Be sure to dress appropriately. This not only means dressing for the weather (it was COLD when we went in November) but dress conservatively. You do not want to be singled out for inappropriate attire. Try to be respectful and not cause an international incident.
PACK YOUR PASSPORT! You never know when you’re going to need it. This is an active military area and there will be security checks. And as such, tours can be canceled at the last minute. Your plans aren’t going to trump potential aggressions from the north, so be aware. In fact a few days after we were there, the North shelled one of the islands in the South (Yeonpyeong). So there’s that.
Pack lightly. You’re not going to need a ton of things, maybe a small light backpack. Our tour fed us, so I assume it’s a common thing. At the very least you will make a couple of stops where you can purchase some food.
And first, a preview in pictures to look at!
You’re going to be leaving early in the morning. Be sure you get a good nights rest the night before. I know you’re probably going to be thrown off by jetlag, but do your best. You might have some time for a short nap on the bus ride up north. Along the way you’ll pass through miles of what seems to be remote, uninhabited land. Keep in mind you’re less than 40 miles from Seoul. There are a few villages out here in the DMZ, mostly farming communities. Also landmines.

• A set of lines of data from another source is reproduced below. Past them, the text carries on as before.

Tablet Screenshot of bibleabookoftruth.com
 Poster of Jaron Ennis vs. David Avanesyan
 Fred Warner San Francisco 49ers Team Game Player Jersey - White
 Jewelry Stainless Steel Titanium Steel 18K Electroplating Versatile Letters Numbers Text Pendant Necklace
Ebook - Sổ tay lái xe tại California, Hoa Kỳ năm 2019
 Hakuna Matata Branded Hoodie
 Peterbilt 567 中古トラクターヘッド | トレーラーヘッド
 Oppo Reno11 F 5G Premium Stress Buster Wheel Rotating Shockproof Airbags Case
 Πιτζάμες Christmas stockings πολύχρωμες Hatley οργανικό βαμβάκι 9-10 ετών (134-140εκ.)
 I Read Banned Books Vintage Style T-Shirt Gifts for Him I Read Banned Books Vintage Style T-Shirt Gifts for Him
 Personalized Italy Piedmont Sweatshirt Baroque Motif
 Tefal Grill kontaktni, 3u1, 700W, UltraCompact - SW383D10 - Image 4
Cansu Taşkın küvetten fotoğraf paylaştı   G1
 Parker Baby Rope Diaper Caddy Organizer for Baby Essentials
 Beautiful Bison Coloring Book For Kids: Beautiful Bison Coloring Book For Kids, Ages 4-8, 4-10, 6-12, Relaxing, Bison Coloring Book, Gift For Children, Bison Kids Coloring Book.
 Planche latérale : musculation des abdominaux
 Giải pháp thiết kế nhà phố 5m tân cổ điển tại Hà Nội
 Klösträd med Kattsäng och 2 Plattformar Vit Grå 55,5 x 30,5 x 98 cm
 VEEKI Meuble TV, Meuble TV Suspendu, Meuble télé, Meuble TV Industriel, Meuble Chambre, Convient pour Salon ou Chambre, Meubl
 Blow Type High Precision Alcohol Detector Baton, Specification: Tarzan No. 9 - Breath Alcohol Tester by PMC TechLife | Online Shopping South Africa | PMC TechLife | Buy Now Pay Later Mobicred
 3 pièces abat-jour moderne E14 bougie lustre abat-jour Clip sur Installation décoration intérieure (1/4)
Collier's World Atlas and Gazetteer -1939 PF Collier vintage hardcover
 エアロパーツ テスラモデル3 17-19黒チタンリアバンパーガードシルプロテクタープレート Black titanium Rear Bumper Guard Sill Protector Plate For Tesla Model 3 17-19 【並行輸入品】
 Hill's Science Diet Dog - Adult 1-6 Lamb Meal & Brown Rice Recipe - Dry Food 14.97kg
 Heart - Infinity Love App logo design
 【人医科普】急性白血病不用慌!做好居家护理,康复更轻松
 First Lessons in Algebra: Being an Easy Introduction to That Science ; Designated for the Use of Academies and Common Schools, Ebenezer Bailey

Your first stop will have you switching from the large tour bus you probably came in on and into a tinier bus filled with strangers (unless you’ve got a large group with you). While you’re stopped here, there’s the usual tourist traps, and for some reason carnival rides. Probably don’t need to take part in either of these things. I do recommend you take a walk around the Peace Park, and take in everything around you, including the and Korean War Veterans Memorial.
What NOT To Do
- Do not dress provactively, or in any manner that will cause you to stand out.
- Do not point at anyone
- Do not cross the line that says not to cross it
- Do not take pictures of things you shouldn’t take pictures of
- Do not stand too close the the guard inside of the JSA
- Do not misunderstand the seriousness of your surroundings
- Do not go into the 3rd infiltration tunnel if you are remotely out of shape, or have bad knees
The JSA (Joint Security Area)/Panmunjeom
This is the main “attraction” of the tour. You’ll see the JSA which straddles the line between North Korea and South Korea. Before you go out you’ll be expected to sit through an important slide show to learn about what you’re going to see and what you can and cannot do. There’s no test involved. You’ll be able to enter one of the buildings they use for meetings, and even cross over to North Korea (within the confines of the building). When you’re in the building, they will warn you not to get too close to the guard, as he will take it as a sign of aggression and he will take you down!. Even within the building, things can be unsafe. Once, when the South Korean soldier was locking the door on the Northern side, soldiers from the North flung the door open and tried to snatch the South’s soldier. Now when they lock up, a second soldier has to hold onto the first to keep this from happening. Wild. You’ll gaze across the JSA into the North while a North Korean soldier stares at you with his binoculars. Weird. You’ll learn about the Recreation Building where no recreating happens, only rude gestures and faces at important dignitaries.